La carezza è il contrario della frenesia.
Non serve a spostare, non costruisce, non conclude:
è un gesto inutile, e proprio per questo indispensabile.
Nell’era dell’utile, la carezza è un atto di resistenza:
sfiora senza possedere, consola senza rumore,
lascia sul corpo un’eco lieve che dura più di un urlo.

Ma intorno a noi tutto sembra preferire il crollo.
Crollano argini, economie, promesse;
crollano i muri delle case abbandonate e i ponti che collegavano memorie.
È un’epoca che cade, e cade spesso all’improvviso,
con quel fragore che ti coglie nel mezzo di un caffè o di un pensiero distratto.
Eppure, nel crollo, c’è un invito:
a rivedere, a ricostruire, a smettere di credere che il solido sia eterno.
A imparare che perfino le rovine hanno una geometria di bellezza.

Ogni crollo lascia dietro di sé una cicatrice.
Non è solo segno di ferita: è mappa, calligrafia della sopravvivenza.
Le cicatrici ci ricordano ciò che il tempo ha tentato di cancellare ma non ha potuto;
sono prove incise sul corpo e sull’anima che dicono: sei passato da qui, sei ancora in piedi.
E forse non è vergogna mostrarle, ma un modo nuovo di raccontarsi.

Carezza, crollo, cicatrice: tre tempi dello stesso atto.
Prima la delicatezza, poi la caduta, infine la memoria che resta scritta.
In questa sequenza c’è la misura di ogni vita:
un gesto lieve che sfida la gravità, una perdita che scava, un segno che custodisce.

Domani la D

La tua parola con C?

11 risposte a “Parole in Cammino”

  1. Credo Creazione: quell’energia creativa che spinge al movimento; tra le poche a donare gioia e pienezza nonostante i dubbi, le paure e le cadute. Alla quale affiancherei Compimento: in quanto rappresenta la realizzazione e la risoluzione di un’anima nel cammino della vita.

    1. Creazione – ferita luminosa del nulla da cui sgorga l’inedito; atto di fede che trasforma il caos in forma, e l’uomo in testimone del divino.

      Ti ringrazio per aver colto il legame tra Creazione e Compimento: due C che non si escludono, ma si inseguono fino a toccarsi. In fondo, ogni creazione porta in sé la nostalgia di un compimento, come un seme custodisce già l’ombra del suo frutto.

      E come se si creasse un passaggio dal quadrato al cubo … è un’immagine che sento mia: il quadrato resta superficie, il cubo diventa profondità. Dentro le sue trasparenze si intravedono percorsi che non sono mai lineari, mai ovvi, e proprio per questo degni di essere esplorati.

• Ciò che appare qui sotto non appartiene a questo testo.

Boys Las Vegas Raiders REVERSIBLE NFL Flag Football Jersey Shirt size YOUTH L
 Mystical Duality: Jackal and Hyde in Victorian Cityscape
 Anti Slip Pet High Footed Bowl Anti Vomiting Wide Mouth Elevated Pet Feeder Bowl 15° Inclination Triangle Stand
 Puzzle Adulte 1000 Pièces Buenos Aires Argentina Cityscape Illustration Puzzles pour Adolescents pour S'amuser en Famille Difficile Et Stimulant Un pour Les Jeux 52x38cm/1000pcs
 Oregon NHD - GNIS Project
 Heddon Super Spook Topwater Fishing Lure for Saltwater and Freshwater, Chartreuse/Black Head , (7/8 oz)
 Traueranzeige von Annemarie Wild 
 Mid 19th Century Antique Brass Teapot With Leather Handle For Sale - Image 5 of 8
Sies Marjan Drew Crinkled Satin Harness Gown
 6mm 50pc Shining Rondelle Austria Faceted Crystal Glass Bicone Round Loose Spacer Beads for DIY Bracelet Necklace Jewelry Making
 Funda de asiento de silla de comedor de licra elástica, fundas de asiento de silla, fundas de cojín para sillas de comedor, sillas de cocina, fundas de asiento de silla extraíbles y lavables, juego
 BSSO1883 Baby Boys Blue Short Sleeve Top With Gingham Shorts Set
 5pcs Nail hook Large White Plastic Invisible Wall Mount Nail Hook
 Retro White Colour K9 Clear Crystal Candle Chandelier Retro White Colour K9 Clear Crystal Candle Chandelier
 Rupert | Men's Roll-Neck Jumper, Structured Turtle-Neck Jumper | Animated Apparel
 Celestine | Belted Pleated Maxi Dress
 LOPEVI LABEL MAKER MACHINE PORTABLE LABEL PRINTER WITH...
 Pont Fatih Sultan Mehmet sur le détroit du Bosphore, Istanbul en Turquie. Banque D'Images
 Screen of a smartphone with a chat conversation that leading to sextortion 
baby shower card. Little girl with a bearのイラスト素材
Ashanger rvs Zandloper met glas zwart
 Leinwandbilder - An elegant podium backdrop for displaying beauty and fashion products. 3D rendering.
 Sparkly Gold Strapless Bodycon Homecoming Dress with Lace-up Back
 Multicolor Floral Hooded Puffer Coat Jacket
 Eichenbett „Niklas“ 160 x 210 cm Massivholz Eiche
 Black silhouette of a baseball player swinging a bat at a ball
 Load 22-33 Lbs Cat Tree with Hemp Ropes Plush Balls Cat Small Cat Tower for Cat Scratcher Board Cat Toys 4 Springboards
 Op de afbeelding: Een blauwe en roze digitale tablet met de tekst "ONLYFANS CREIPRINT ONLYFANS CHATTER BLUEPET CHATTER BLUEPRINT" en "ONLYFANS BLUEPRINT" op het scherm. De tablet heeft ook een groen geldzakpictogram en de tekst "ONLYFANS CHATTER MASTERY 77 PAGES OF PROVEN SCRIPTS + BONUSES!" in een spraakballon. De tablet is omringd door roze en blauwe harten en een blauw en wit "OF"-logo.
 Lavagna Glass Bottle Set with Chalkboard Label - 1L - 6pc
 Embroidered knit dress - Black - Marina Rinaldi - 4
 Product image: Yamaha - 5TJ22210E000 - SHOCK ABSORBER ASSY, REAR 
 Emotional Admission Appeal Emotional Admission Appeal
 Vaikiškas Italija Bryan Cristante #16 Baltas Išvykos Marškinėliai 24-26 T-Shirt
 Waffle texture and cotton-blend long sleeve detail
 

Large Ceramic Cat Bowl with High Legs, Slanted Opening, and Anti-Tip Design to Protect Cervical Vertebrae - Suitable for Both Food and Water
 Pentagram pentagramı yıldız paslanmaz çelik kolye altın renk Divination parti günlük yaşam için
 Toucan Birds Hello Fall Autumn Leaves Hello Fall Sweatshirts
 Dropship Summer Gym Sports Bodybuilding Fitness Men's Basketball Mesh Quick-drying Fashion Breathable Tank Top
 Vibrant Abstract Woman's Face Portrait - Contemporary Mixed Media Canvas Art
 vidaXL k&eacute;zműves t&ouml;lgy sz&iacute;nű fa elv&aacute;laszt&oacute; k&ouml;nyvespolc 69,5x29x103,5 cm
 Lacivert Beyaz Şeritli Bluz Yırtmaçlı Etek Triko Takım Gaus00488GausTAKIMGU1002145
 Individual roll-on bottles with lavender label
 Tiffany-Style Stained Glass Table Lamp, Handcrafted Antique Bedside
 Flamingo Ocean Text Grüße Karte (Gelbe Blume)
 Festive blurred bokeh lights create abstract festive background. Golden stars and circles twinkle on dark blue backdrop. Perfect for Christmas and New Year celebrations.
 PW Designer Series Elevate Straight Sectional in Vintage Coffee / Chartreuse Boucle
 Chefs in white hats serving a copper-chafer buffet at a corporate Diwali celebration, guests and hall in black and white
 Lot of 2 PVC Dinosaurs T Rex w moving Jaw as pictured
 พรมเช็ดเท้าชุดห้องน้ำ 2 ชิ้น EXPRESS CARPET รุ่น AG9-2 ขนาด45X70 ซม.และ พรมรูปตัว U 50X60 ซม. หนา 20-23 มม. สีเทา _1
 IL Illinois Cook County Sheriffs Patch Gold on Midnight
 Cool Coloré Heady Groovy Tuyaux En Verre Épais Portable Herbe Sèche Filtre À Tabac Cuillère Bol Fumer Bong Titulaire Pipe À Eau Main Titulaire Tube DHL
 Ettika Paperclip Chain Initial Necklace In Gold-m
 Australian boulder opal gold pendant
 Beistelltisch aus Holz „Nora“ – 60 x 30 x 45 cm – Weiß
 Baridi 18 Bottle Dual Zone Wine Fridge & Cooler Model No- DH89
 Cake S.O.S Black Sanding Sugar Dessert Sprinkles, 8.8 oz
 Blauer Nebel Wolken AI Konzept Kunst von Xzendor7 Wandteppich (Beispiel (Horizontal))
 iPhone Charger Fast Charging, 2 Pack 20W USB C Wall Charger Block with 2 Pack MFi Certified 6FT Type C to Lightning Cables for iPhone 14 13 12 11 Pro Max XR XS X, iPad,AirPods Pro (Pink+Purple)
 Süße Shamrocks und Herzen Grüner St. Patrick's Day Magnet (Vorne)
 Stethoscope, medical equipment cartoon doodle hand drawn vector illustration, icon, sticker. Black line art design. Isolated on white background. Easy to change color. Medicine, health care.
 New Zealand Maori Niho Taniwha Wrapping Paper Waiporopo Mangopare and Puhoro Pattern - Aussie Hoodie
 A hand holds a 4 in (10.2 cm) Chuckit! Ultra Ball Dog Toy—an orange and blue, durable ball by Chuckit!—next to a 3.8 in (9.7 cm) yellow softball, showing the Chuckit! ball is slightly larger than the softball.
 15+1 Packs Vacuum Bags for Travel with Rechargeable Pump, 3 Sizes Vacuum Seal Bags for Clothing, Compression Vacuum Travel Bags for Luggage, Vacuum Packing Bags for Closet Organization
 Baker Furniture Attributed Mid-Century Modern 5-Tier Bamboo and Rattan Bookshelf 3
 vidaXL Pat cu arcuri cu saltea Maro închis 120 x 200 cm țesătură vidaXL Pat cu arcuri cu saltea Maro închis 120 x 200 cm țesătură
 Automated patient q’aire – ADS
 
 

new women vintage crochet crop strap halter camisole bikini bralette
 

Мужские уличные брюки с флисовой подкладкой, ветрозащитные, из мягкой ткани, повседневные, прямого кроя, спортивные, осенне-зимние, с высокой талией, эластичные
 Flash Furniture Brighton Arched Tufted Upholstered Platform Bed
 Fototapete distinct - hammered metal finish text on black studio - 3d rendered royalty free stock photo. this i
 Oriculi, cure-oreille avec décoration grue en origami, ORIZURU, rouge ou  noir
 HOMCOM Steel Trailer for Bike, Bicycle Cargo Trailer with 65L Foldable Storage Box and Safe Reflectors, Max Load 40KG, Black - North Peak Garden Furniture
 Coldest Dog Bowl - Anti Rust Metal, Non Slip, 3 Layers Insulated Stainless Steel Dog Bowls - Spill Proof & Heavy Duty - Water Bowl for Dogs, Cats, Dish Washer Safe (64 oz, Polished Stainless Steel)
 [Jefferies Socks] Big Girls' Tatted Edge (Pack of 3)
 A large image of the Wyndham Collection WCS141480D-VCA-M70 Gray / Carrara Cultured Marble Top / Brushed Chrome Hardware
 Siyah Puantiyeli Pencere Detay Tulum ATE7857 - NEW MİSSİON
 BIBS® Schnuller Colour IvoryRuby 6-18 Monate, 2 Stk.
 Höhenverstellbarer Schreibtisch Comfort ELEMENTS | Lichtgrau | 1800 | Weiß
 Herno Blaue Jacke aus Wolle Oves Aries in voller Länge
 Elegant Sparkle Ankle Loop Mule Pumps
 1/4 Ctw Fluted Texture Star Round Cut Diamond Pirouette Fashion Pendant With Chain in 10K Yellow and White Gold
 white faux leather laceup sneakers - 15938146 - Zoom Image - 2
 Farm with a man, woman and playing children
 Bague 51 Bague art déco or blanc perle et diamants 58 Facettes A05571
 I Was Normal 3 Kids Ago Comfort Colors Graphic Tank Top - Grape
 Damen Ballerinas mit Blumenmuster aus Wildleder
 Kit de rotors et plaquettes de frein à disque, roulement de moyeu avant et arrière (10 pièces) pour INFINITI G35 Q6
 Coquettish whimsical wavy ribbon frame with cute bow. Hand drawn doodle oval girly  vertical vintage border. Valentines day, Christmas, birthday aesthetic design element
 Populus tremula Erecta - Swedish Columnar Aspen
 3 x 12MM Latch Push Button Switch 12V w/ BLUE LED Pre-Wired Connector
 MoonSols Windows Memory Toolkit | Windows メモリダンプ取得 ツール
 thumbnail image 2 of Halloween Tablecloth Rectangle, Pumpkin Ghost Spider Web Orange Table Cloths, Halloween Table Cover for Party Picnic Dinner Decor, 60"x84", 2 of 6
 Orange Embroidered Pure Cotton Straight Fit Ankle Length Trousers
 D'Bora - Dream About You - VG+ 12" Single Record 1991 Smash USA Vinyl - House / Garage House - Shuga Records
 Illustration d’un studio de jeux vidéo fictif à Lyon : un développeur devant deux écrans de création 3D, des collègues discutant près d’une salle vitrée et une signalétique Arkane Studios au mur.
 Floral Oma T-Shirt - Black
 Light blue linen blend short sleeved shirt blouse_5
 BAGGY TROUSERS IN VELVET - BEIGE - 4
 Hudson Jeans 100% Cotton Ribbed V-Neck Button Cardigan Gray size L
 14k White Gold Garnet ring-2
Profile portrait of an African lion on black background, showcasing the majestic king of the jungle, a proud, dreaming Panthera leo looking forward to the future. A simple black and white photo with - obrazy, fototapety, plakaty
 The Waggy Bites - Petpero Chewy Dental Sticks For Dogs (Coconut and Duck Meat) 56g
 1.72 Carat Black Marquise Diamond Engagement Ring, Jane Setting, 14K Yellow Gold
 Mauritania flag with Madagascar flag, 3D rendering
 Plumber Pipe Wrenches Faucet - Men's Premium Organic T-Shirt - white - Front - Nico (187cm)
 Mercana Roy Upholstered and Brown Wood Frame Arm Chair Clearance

      Sei anima“complessa” per me non è un peso ma un destino: la complessità è la trama della ricerca, il rifiuto della superficie, la volontà di vedere anche ciò che non si mostra al primo sguardo.

      Le tue C sono chiaramente lo specchio di R..intesa e profonda… grazie

      1. Complessa, o complessità mi definiscono molto bene. Grazie a te per avermi “regalato” un’altra parola.

  2. C: almeno due sostantivi sono identificabili – a mio parere – nella consonante richiamata: la Coscienza e la Conoscenza. La coscienza è necessaria per affondare la linea personale dell’indifferenza,del cinismo,dell’ingrato menefreghismo che proviene da quel non (tante volte)individuato egoismo allo specchio piuttosto che in altri,e che è artefice di incomprensioni,supponenze,prevaricazioni,padronalismo che lacera la Verità.
    La Conoscenza è il divenire del sapere,che non può concedersi arrivi per il semplice motivo del VERIFICARE la giustezza dell’affermazione di quanto si sostiene e si va a compiere.
    Buona giornata!

    1. Intervento interessante. Ci sono differenti spunti e molte verità. Coscienza chiaramente è quella che maggiormente mi affascina non solo nella descrizione ma sopratutto per una strana carestia che le generazioni negli anni hanno portato nel loro bagaglio di crescita culturale. Molto interessante la tua definizione. Grazie per questo piacevole momento di riflessione con la tua C.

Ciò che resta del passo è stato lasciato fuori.